[Opening Data for analysis section]

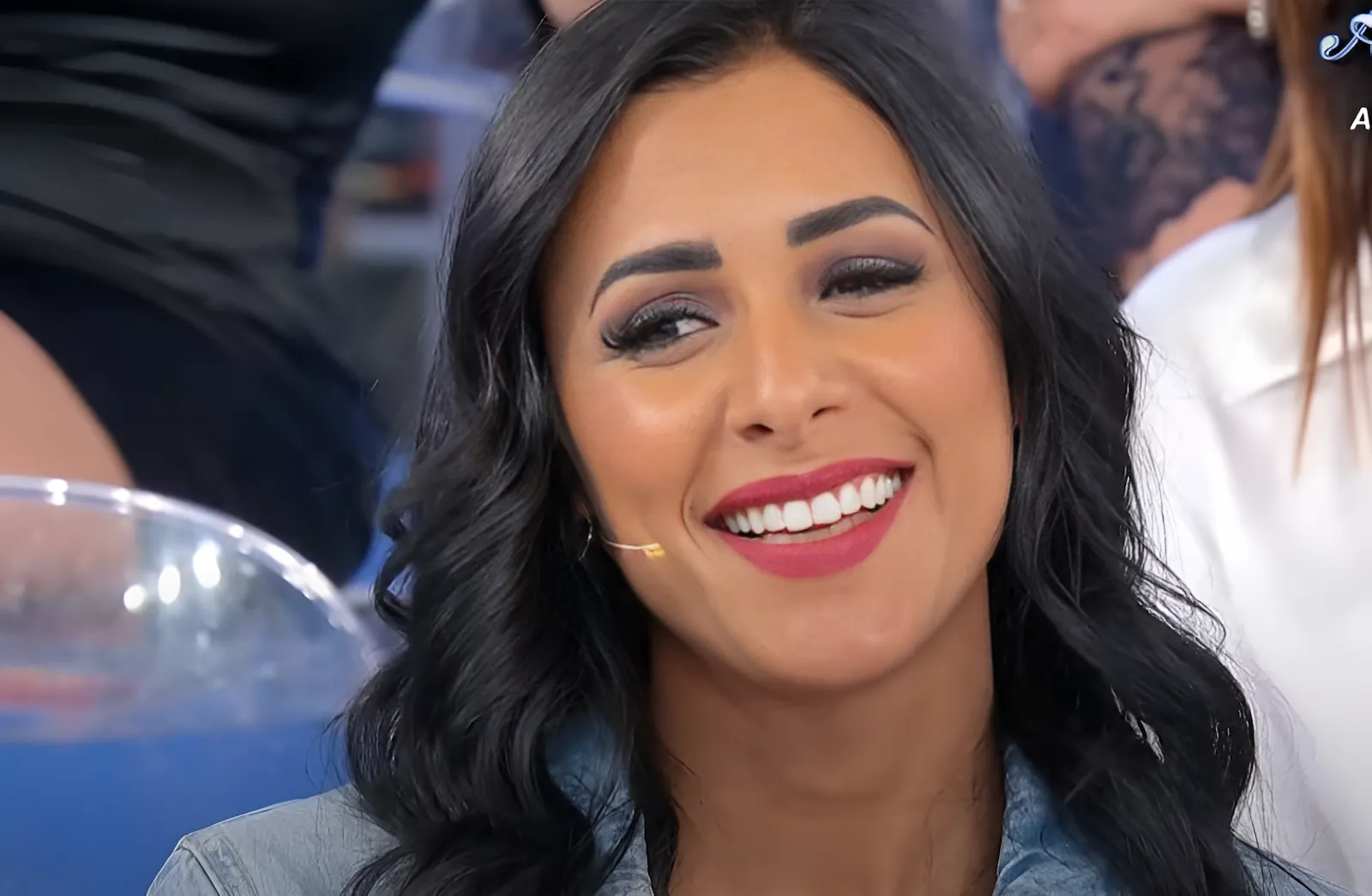 Uomini e Donne: Asmaa Fares abbandona il programma! Ecco i motivi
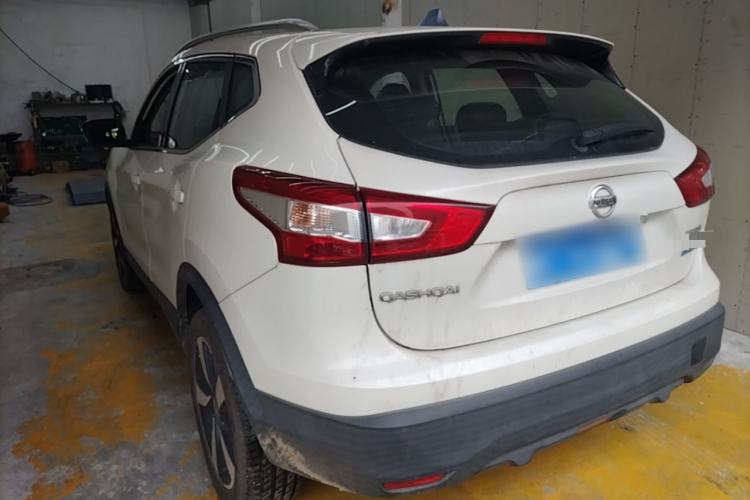 Used Nissan Qashqai 2016 2.0L CVT Luxury Edition Exterior 2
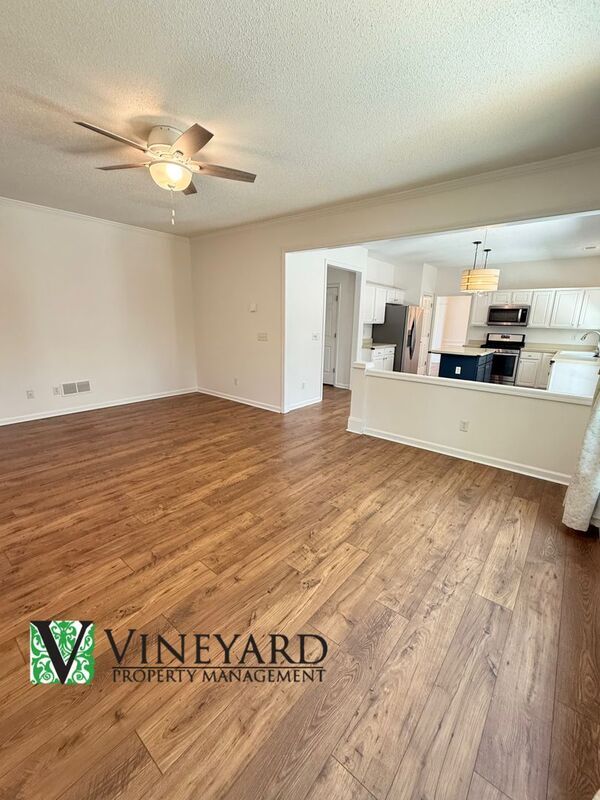 Building Photo - 303 Don Pierre Way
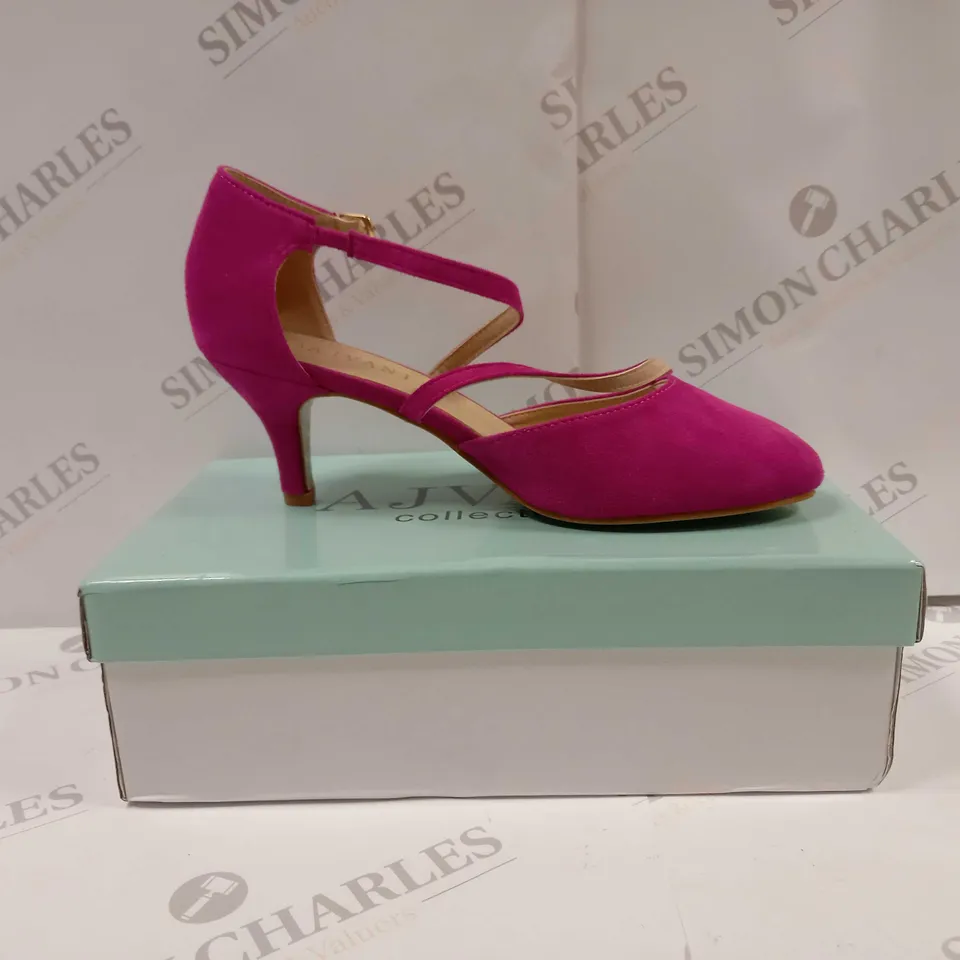 BOXED PAIR AJVANI COLLECTION AJ-55 FUCHSIA SUEDE SHOES UK SIZE 7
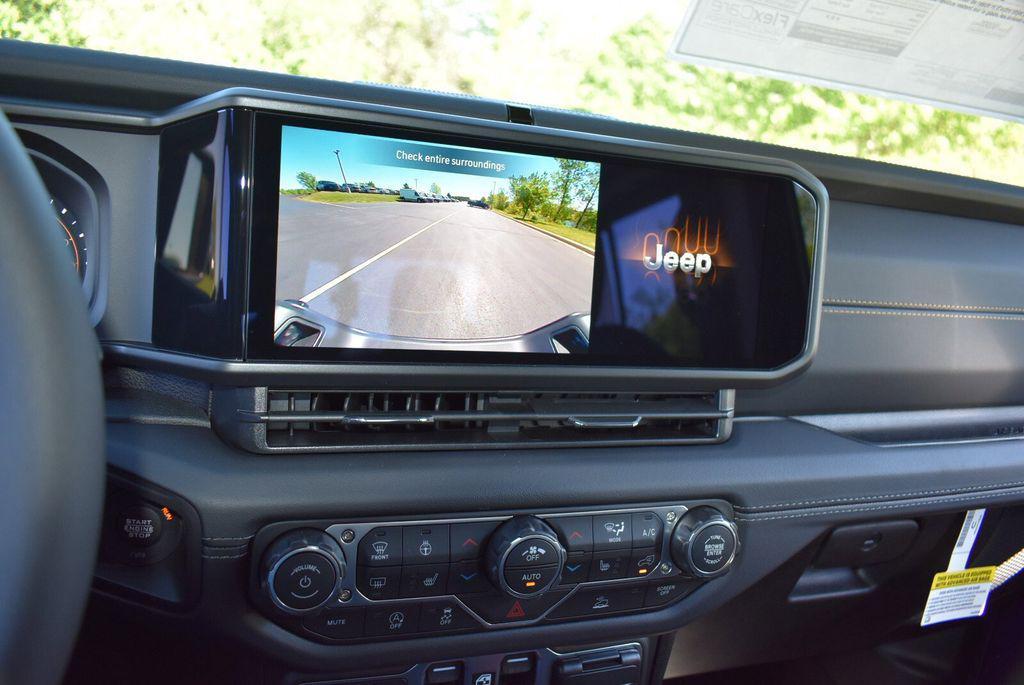 new 2026 Jeep Gladiator car, priced at $48,362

[Closing Data for analysis section]

Task statement >> From the line containing "Used Nissan Qashqai" down to the last line of the entries above, set down every line exactly. Omit all pictures.

Response box >>
 Used Nissan Qashqai 2016 2.0L CVT Luxury Edition Exterior 2
 Building Photo - 303 Don Pierre Way
 BOXED PAIR AJVANI COLLECTION AJ-55 FUCHSIA SUEDE SHOES UK SIZE 7
 new 2026 Jeep Gladiator car, priced at $48,362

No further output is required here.